Abstract 1618: High-Density Lipoprotein Cholesterol but Not Apolipoprotein A-I or -II is Associated With Coronary Calcium in Type 2 Diabetes
Objectives: HDL-C is quite heterogeneous in both quality and function, particularly in type 2 diabetes, leading to challenges in cardiovascular risk prediction. We therefore tested whether the major HDL apolipoproteins (apo), apoA-I and -II, would be stronger predictors of coronary artery calcium (CAC), a measure of coronary atherosclerosis, in diabetic and non-diabetic study samples.
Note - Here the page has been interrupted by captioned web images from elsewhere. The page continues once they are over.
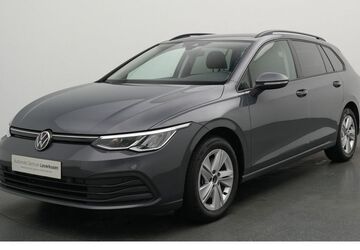 VW Golf 78.481 km 20.980 &euro; Leverkusen 51379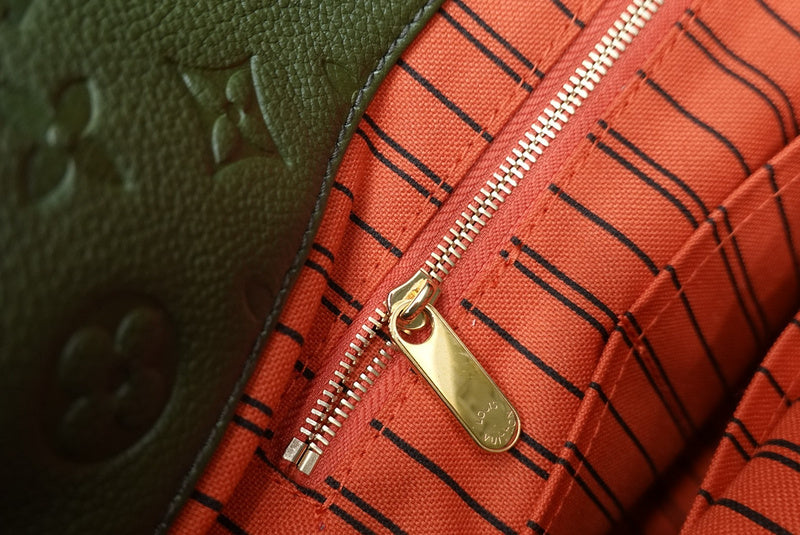 LOV2 Bags - Luxurious Bags  1548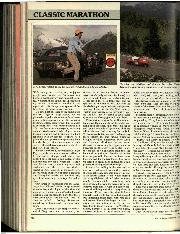 august-1989 - Page 64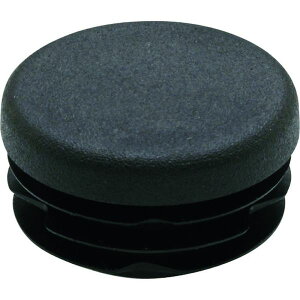 �y���[�J�[�݌ɂ���z PECT16BK (��)�C�}�I�R�[�|���[�V���� ELESA �p�C�v�p�G���h�L���b�v PEC-T16-BK HD�X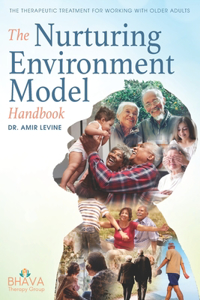 Nurturing Environment Model Handbook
Methods: We performed cross-sectional analyses of asymptomatic Caucasian subjects in two community-based studies: the Penn Diabetes Heart Study [N=611 type 2 diabetic subjects, 71% men] and the Study of Inherited Risk of Coronary Atherosclerosis [N=803 non-diabetic subjects, 53% men)] using multivariate analysis of apoA-I, apoA-II, and HDL-C stratified by diabetes status.
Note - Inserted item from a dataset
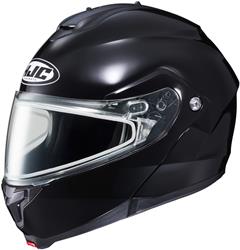 HJC C91SN Helmets wih Dual Lens Shield 1147010504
Results: HDL-C was inversely correlated with CAC after adjustment for age, gender, and medications in type 2 diabetic [Tobit ratio for one standard deviation increase in HDL-C, 0.63 (95% CI 0.49 – 0.82), p=0.001] and non-diabetic Caucasians [0.71 (0.57– 0.87), p=0.001]. ApoA-I displayed a weaker inverse relationship in diabetic [0.76 (0.59 – 0.99), p=0.038] and non-diabetic subjects [0.76 (0.62– 0.94), p=0.013], while apoA-II had no significant association with CAC. In fully adjusted models, including additional cardiovascular risk factors, only HDL-C remained associated with CAC in the type 2 diabetic subjects. Furthermore, in combined analysis of diabetics and non-diabetics, HDL-C added value to apoA-I and -II in predicting CAC scores whereas the reverse was not true. Moreover, HDL-C added greater value than apoA-I and-II over apoB parameters.
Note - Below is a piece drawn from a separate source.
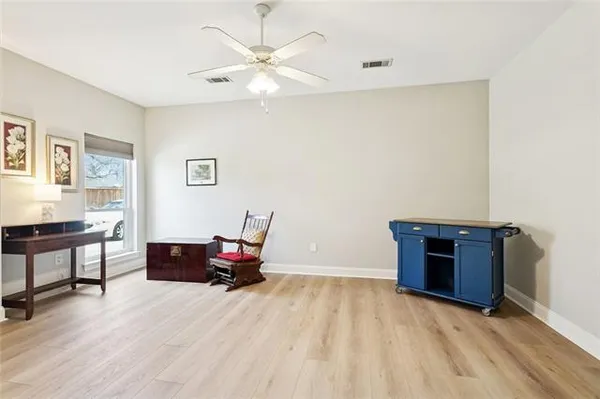 $489,900 | 225 Gum Bayou Lane, Slidell, LA 70461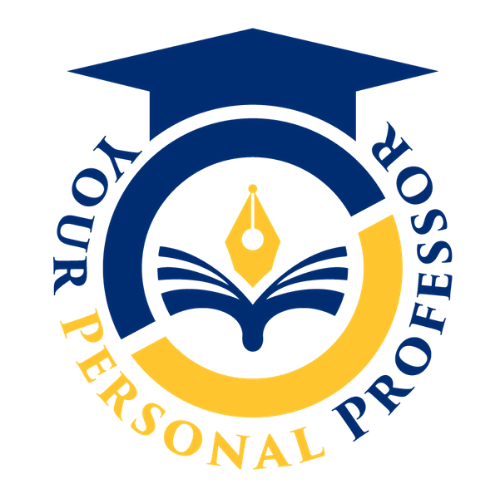 Your Personal Professor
Conclusions: HDL-C outperformed apoA-I or -II in predicting CAC with particular value in type 2 diabetic Caucasians. This suggests that, unlike incremental value in apoB measurement, perceived advantages in measuring apoA-I and -II may not translate into improved cardiovascular risk prediction beyond traditional, guideline-based HDL-C assessment.